EXERCISE AIM:
From the line that contains "Used 2020 Jeep" through the closing line of the entries, write out each line exactly; pictures stay out.

[[ DATA open ]]

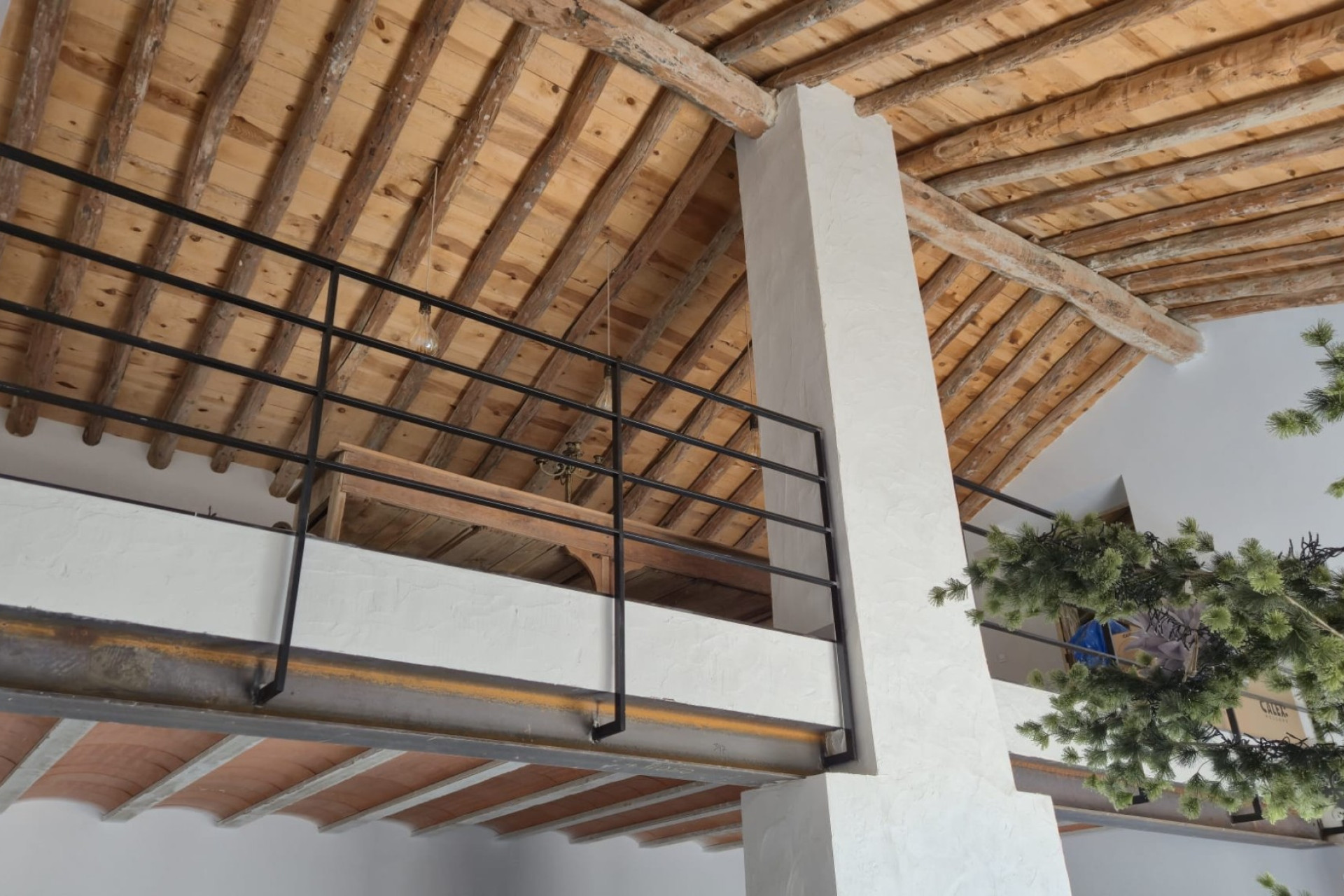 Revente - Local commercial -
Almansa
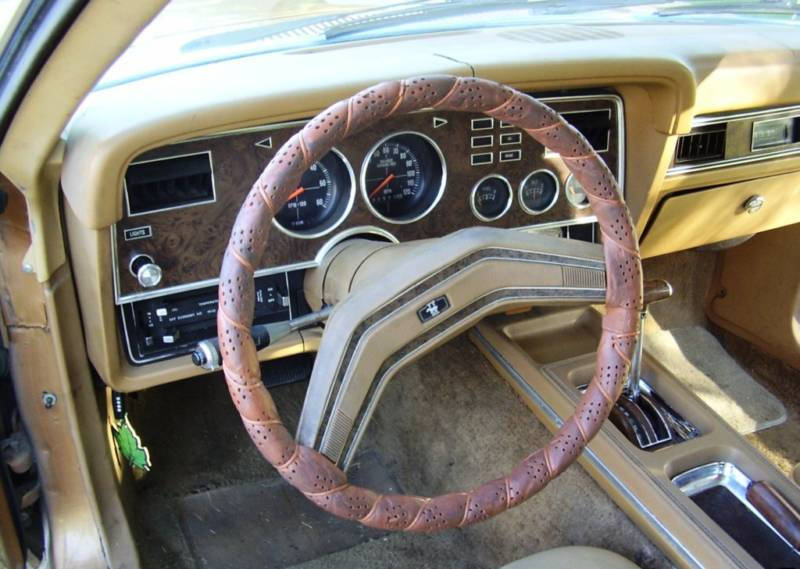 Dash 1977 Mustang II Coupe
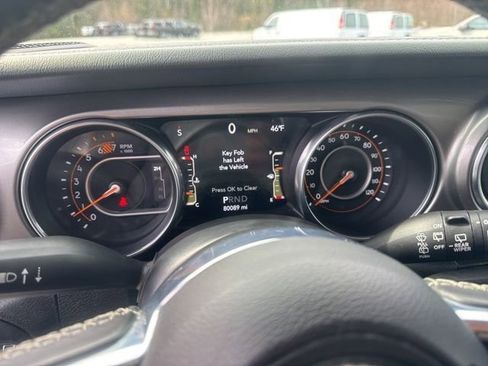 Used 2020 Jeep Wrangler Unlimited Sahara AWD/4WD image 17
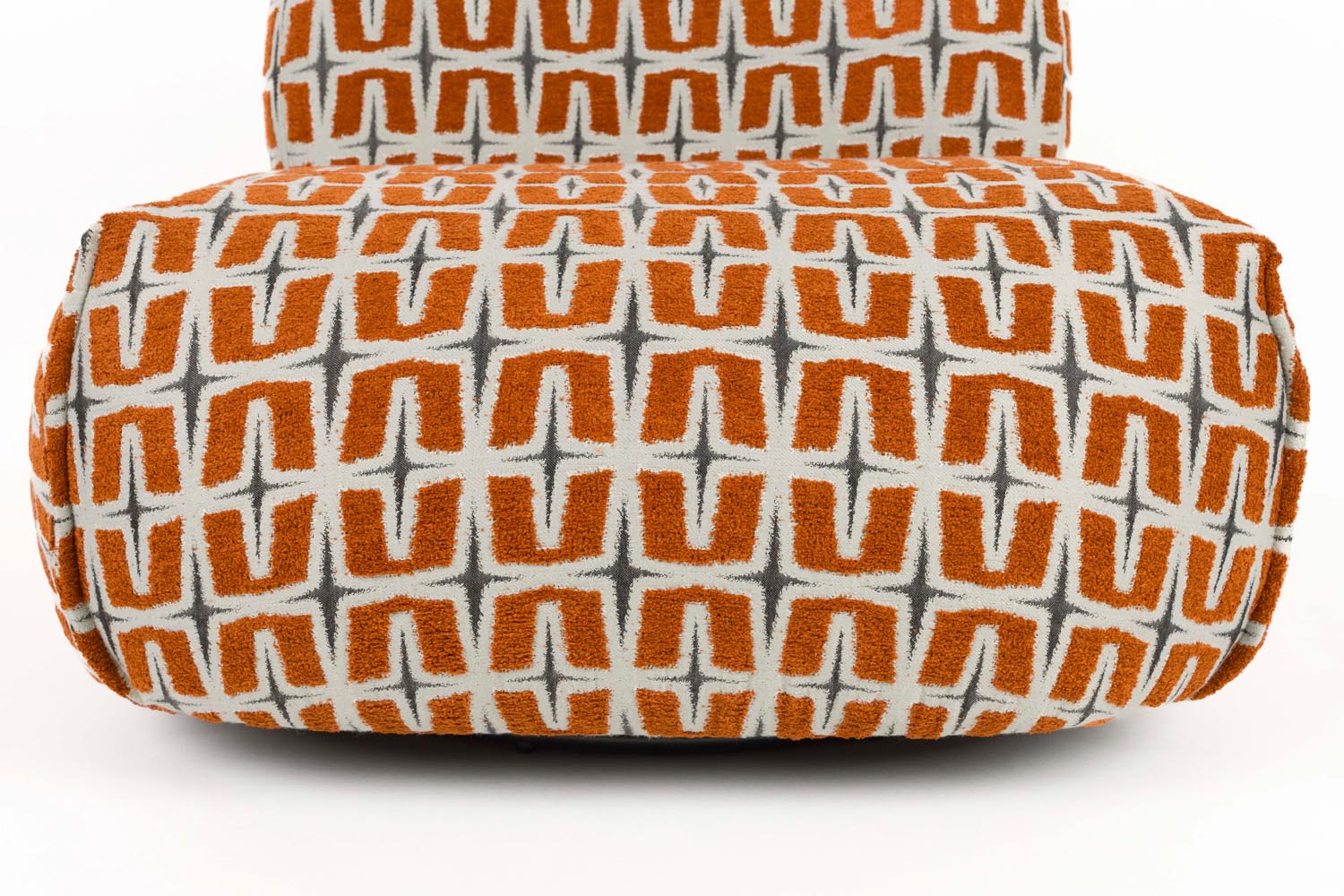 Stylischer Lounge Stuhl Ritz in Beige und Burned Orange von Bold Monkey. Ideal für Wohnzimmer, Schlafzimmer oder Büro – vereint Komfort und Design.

[[ DATA closed ]]

YOUR RESPONSE:
 Used 2020 Jeep Wrangler Unlimited Sahara AWD/4WD image 17
 Stylischer Lounge Stuhl Ritz in Beige und Burned Orange von Bold Monkey. Ideal für Wohnzimmer, Schlafzimmer oder Büro – vereint Komfort und Design.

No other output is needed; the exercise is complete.